As observações estão inteiramente alinhadas com análises do palestrante e personal trainer Samorai, que é bacharel em esporte pela Universidade de São Paulo (USP), especialista em movimentos e em treinamento 3Dimensional e estudioso de antroposofia e massoterapia. “O ser humano é um ser complexo, por isso, ao falar em atividades físicas ou em exercícios para correção da postura, não podemos ignorar os mais diversos fatores. Não podemos reduzir a uma questão apenas anatômica ou resumir a atividade física ao ganho de musculatura ou perda de peso, como se todas as atividades fossem funcionar universalmente, para todas as pessoas”, diz. 
 
“Vamos imaginar, por exemplo, que tem um exercício que é muito bom para o desenvolvimento de determinada região do corpo, mas que exige que a pessoa fique em uma posição em que ela se sente mais vulnerável. Se estamos falando de uma pessoa muito tímida, ela pode se sentir exposta e se retrair. Por causa disso, o exercício pode gerar, em vez de benefícios, prejuízos para esse indivíduo”, comenta. “Portanto, esses fatores devem ser levados em consideração ao pensar em programas de treinamento ou em tratamentos posturais. Se isso não ocorrer, corremos o risco de sofrer com problemas físicos advindos dessa negligência”, alerta o especialista. 
 
Samorai destaca que dores físicas podem, inclusive, ter origem em alterações posturais ocasionadas por aspectos emocionais e psicossociais. “Voltemos ao exemplo da pessoa muito tímida. Sabemos que, por sentir vergonha cronicamente, ela tende a ter ombros e cabeça projetados para frente e as costas curvadas. Para ter equilíbrio, esse corpo precisa exigir mais da coluna para compensar o peso que tende para a frente. Essa má postura pode, em algum momento, se manifestar na forma de dores ou, em casos mais graves, na forma de uma hérnia de disco (condição relacionada a um problema com um disco cartilaginoso entre as vértebras) ou de uma lombalgia (quando há dor na região lombar, ou seja, na região mais baixa da coluna, perto da bacia)”, adverte.  
 
“Outro caso comum é o daqueles sujeitos muito estressados, que ficam com os ombros tensionados.

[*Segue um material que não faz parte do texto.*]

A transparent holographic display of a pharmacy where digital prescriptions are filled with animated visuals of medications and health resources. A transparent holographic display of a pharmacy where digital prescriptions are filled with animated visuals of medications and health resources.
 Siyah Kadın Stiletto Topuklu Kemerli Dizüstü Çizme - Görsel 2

Quando isso se torna crônico, no longo prazo, problemas mais graves podem surgir, como uma tendinite (inflamação caracteriza pela presença de dor e inchaço do tendão, podendo ocorrer em qualquer tendão do corpo, mas mais frequente nos ombros, cotovelos, punhos e joelho) ou uma bursite (inflamação das bursas, que são pequenas bolsas que ficam entre ossos, músculos e tendões, afetando ombros, quadril, joelhos, pés e cotovelos)”, pontua. 
 
O palestrante ainda lembra que muitos desses desconfortos costumam ser negligenciados e tratados com a automedicação, prática que está longe do ideal. “Se eu reiteradamente tomo um analgésico, um relaxante muscular, estou apenas tratando o sintoma, mas não a causa. E, por isso, o problema não será solucionado”, situa. Por isso, ele destaca que um tratamento multidisciplinar é o ideal. “Da mesma maneira que, por exemplo, ao nos sentirmos ameaçados e ansiosos, nosso corpo muda, podemos também, por meio de exercícios conscientes, nos acalmar por meio de nossa atitude corporal, que vai comunicar ao nosso cérebro aquela informação”, aponta. 
 
“Vamos imaginar uma pessoa caminhando. Se ela está com medo ou com raiva, ela caminhará de um jeito diferente. Ou seja, o fator emocional vai interferir inconscientemente no movimento físico. Mas, ao mesmo tempo, ao identificar que estamos agindo assim, podemos interferir. Portanto, ao abrir o peito ou controlar minha respiração, estou contribuindo para dissipar esse estado de medo ou de raiva”, observa, citando que a prática é muito comum entre esportistas. 
 
Mais uma vez, as conclusões de Samorai acompanham aquelas encontradas pelos autores do artigo “Postura corporal e aspectos psicossociais: implicações para uma abordagem multidisciplinar”. Com base em uma revisão da literatura científica sobre o tema, eles sublinham que a postura corporal do indivíduo é influenciada por aspectos psicossociais, como o ambiente educacional, a comunicação verbal, a personalidade e a ansiedade. “Esses achados norteiam a abordagem interdisciplinar ou multidisciplinar no tratamento ou na prevenção das alterações posturais. O tratamento não pode ser limitado ao contexto das atividades diárias básicas e às modificações estruturais osteomusculares”, dissertam.